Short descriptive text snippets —
══════
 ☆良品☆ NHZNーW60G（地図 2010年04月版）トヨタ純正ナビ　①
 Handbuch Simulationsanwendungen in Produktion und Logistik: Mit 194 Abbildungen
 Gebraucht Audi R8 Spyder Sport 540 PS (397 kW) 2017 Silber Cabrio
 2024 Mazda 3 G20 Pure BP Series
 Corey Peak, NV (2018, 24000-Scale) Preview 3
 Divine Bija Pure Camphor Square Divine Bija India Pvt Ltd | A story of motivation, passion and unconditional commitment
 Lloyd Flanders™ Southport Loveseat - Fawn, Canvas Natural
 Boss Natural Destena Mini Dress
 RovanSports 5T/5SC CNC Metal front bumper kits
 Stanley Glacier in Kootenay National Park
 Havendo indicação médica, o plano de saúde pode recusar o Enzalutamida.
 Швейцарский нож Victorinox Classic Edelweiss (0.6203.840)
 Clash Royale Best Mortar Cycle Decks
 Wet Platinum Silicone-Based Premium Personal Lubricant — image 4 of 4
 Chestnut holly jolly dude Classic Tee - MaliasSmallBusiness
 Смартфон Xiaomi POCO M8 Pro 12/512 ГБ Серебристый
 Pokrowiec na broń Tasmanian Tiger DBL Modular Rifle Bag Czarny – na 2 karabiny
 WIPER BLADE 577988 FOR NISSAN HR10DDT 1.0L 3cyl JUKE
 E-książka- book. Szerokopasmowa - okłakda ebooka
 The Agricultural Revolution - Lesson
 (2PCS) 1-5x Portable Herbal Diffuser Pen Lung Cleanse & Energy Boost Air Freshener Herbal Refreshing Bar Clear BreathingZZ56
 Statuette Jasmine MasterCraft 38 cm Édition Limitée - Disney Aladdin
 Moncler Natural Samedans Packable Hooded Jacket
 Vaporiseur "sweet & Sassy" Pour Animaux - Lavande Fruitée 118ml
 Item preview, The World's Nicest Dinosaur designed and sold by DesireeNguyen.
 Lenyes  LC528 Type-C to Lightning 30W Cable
══════
PROBLEM STATEMENT —
After counting the lines above that include the word "Natural", give only the number.

OUTPUT FOR THIS EXERCISE —
3